Investors hungry for yield have shoveled a record amount of cash into mutual funds and exchange traded funds that invest in real estate investment trusts.
Vanguard REIT ETF (NYSEArca: VNQ) is up 1.3% year-to-date; the fund has a 12-month yield of 3.41%. SPDR Dow Jones REIT ETF (NYSEArca: RWR) is up 1.93% year-to-date; the fund has a 12-month yield of 3.01%.
The S&P 500 is down about 5% so far in 2011. [Dividend ETFs in Focus]
According to Citigroup Global Markets, investors allocated $3.7 billion into mutual funds that invest in U.S. real estate investment trusts this year, the most new money added since 2006, report Oshrat Carmiel and Margaret Collins for Bloomberg. Total assets in the sector funds, including ETFs, are at a record $96 billion. [ETF Investors Take on More Risk in Search of Reward]
Most REITs are publicly traded firms that own and operate physical properties. The companies need to distribute at least 90% of their income to shareholders in the form of dividends.
“REITs are attracting attention because of their income, the dividend yield, and the fact that REITs do own hard assets, which offer inflation protection,” Philip Martin, Morningstar REIT strategist, remarked.
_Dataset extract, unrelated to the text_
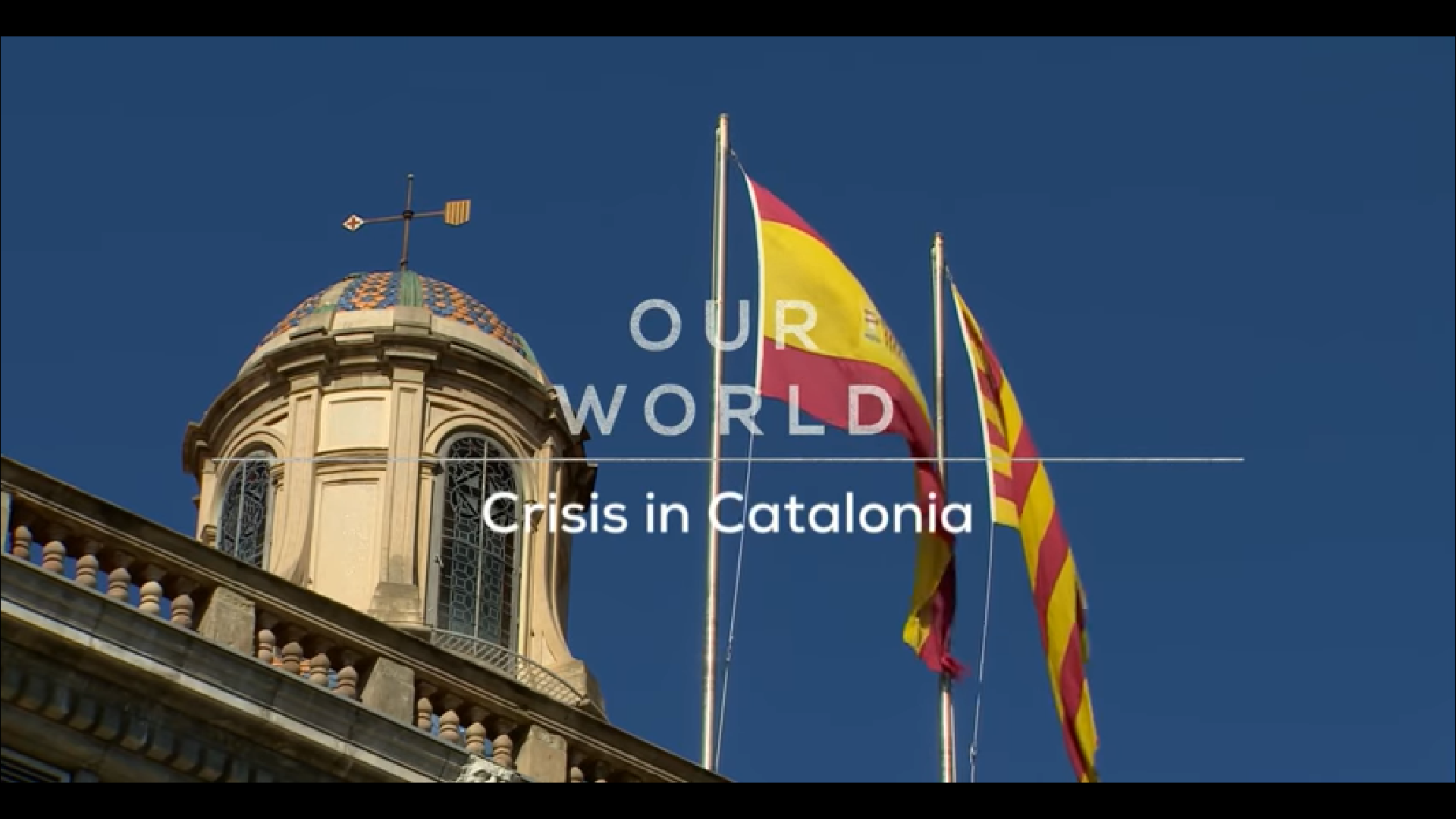 La BBC desmunta la versió d'Espanya en un documental sobre l'1-O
Larry Glazer, a managing partner at Mayflower Advisors, notes that investors are looking to REIT yields because they have become “so starved for income.” According to the Bloomberg REIT Index, REITs had an average dividend yield of around 3.7%, compared to yields on 10-year Treasury notes of a little under 2% and the near zero returns on most money market funds. Additionally, annual dividend growth may likely range between 4% to 6% over the next several years, Martin added.